Familiares e amigos se despediram com profunda tristeza de Rodrigo Castanheira, adolescente de apenas 16 anos, em um velório realizado na tarde deste domingo (8). A cerimônia ocorreu na Igreja Batista Capital, localizada no Trecho 2 do Setor de Clubes Sul, no Distrito Federal, seguida pelo sepultamento no Cemitério Campo da Esperança, na Asa Sul.
Detalhes da tragédia e internação prolongada
Rodrigo faleceu no sábado (7), após permanecer por 16 dias internado em estado considerado gravíssimo. O jovem não resistiu aos ferimentos sofridos durante uma violenta agressão ocorrida em Vicente Pires. O corpo foi transportado em cortejo pelo Corpo de Bombeiros até o local do sepultamento, marcando o fim trágico de uma vida interrompida precocemente.
Circunstâncias da agressão fatal
Durante o confronto, Rodrigo foi submetido a uma sequência intensa de socos, resultando em uma queda onde sua cabeça atingiu a porta de um veículo. O impacto causou um traumatismo craniano severo, seguido por uma parada cardiorrespiratória que durou 12 minutos críticos. Imediatamente socorrido, ele foi encaminhado a um hospital particular em Águas Claras, onde permaneceu em coma induzido desde a madrugada do dia 23 de janeiro.
Em comunicado oficial, o Hospital Brasília Águas Claras confirmou o triste desfecho, explicando que, "apesar de todos os esforços da equipe médica, o quadro evoluiu para a perda completa e irreversível das funções cerebrais". A instituição expressou solidariedade à família e amigos, oferecendo suporte necessário neste momento de dor extrema.
Agressor preso e reviravoltas jurídicas
O autor da agressão, identificado como Pedro Turra, de 19 anos, encontra-se atualmente preso preventivamente no Centro de Detenção Provisória da Papuda.
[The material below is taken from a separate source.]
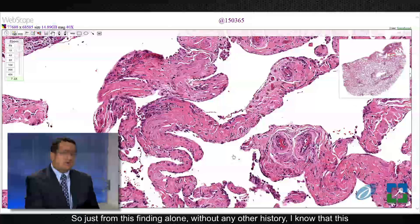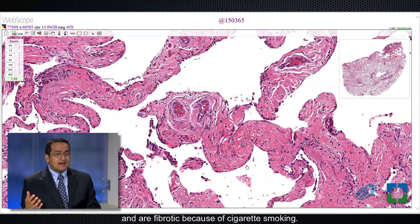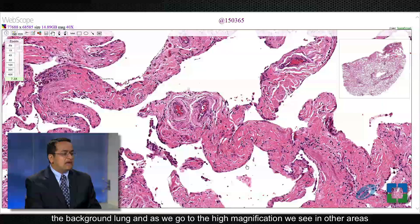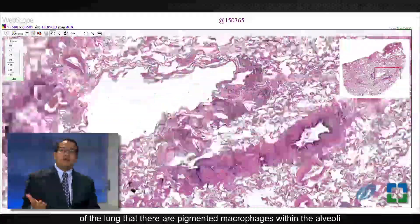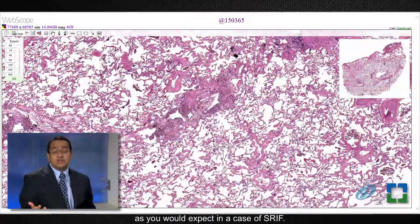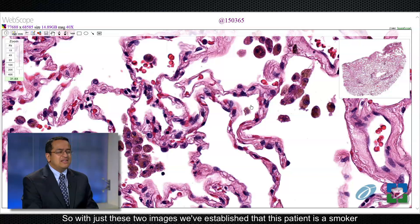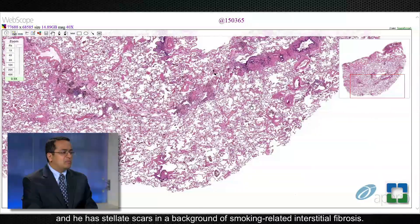Just from this finding alone, without any other history, I know that this patient is a cigarette smoker, and that his lungs are both emphysematous and fibrotic because of the cigarette smoking. We've already established that this patient has smoking-related changes in the background lung. At higher magnification we see in other areas of the lung there are pigmented macrophages within the alveoli, as you would expect in a case of SRIF — this finding is known as respiratory bronchiolitis. With just these two images we've established that this patient is a smoker with stellate scars in a background of smoking-related interstitial fibrosis.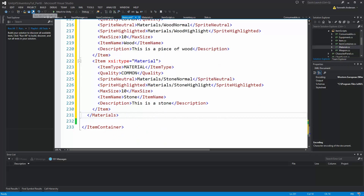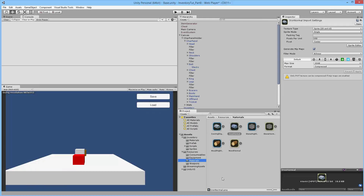Save the XML document and jump back into Unity. We now have the XML document set up for generating these items. I'm going to wrap this part up here so we can start looking at how we add the items to the game in the next part — by entering one of those boxes and adding the material to the inventory.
Inicialmente, ele foi detido e liberado após o pagamento de uma fiança no valor de R$ 24,3 mil, mas a Justiça decretou sua prisão preventiva posteriormente, mantendo-o em cela individual devido a relatos de ameaças recebidas dentro da unidade prisional.
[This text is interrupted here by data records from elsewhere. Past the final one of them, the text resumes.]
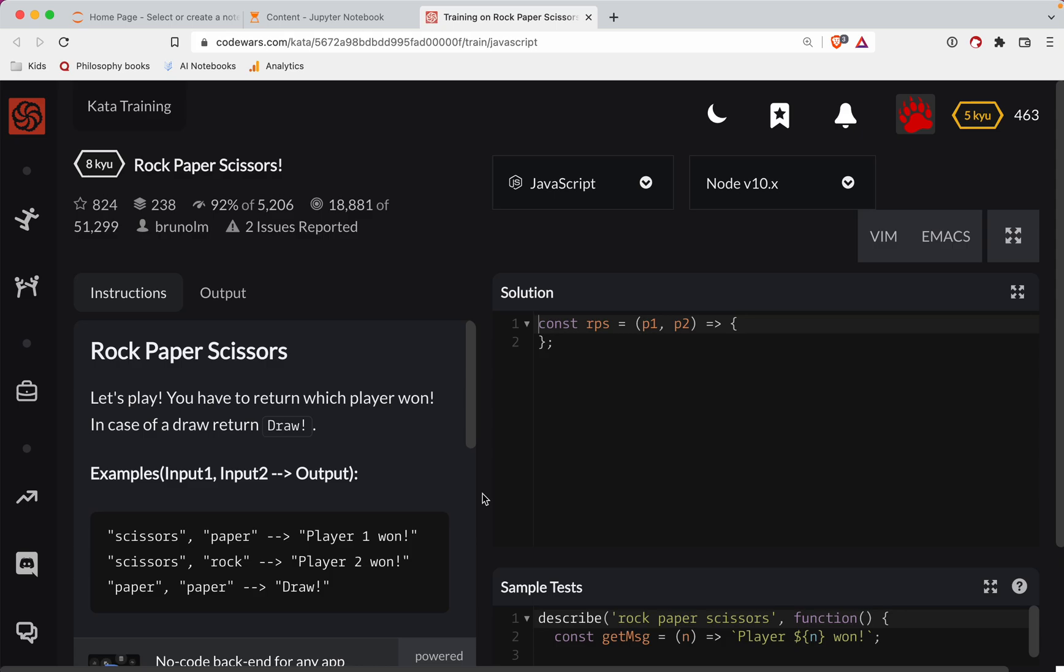This one's a level eight. We're doing it in JavaScript. It's called rock, paper, scissors. And as always, there's a link to the challenge in the show notes. Try it out before watching the video.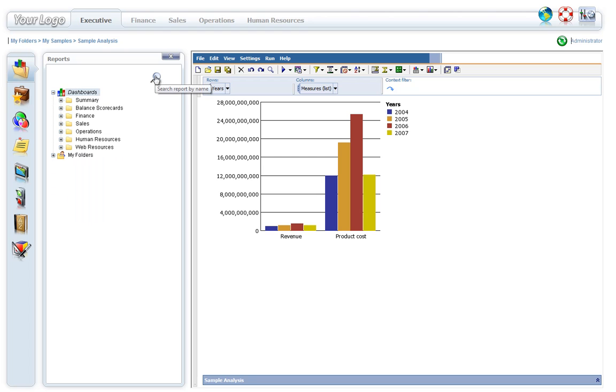The Report Search feature allows users to quickly and conveniently find dashboards based upon the provided search criteria.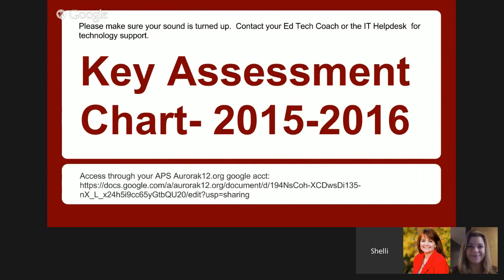The key assessment chart guides all district-based benchmark and READ Act assessment requirements. In addition, common formative assessments for reading, writing, and word study have been included. These are a new addition to the key assessment chart. This chart should guide teachers and school leadership to assess students for literacy development over time as required by law and by APS leadership. We recommend that each teacher have a copy of the key assessment chart to reference along the way.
Posicionamento das defesas envolvidas
A defesa de Pedro Turra emitiu uma nota no sábado (7), expressando que a família do piloto "lamenta profundamente o falecimento de Rodrigo Castanheira". Os advogados relataram que o acusado está "abatido e profundamente entristecido", demonstrando preocupação com sua família, namorada e amigos, além de manifestar "profundo arrependimento" pelos eventos ocorridos.
Em contrapartida, Albert Halex, advogado da família de Rodrigo, utilizou redes sociais para classificar o ocorrido como "inadmissível". Ele descreveu o caso como um retrato de "maldade revoltante", criticando indivíduos que agem movidos por sensação de poder e impunidade. Halex afirmou que "a vida humana não tem preço e não pode ser medida pelo status social de quem a retira", comprometendo-se a buscar justiça integralmente.
Contexto da briga e investigações ampliadas
O conflito iniciou-se no dia 23 de janeiro, a partir de uma brincadeira envolvendo um chiclete mascado que Pedro Turra teria jogado em direção a outra pessoa. A discussão escalou rapidamente para a agressão física que culminou na tragédia. Pedro Turra foi desligado do quadro de pilotos da temporada 2026 da Fórmula Delta, categoria escola, devido à repercussão do caso.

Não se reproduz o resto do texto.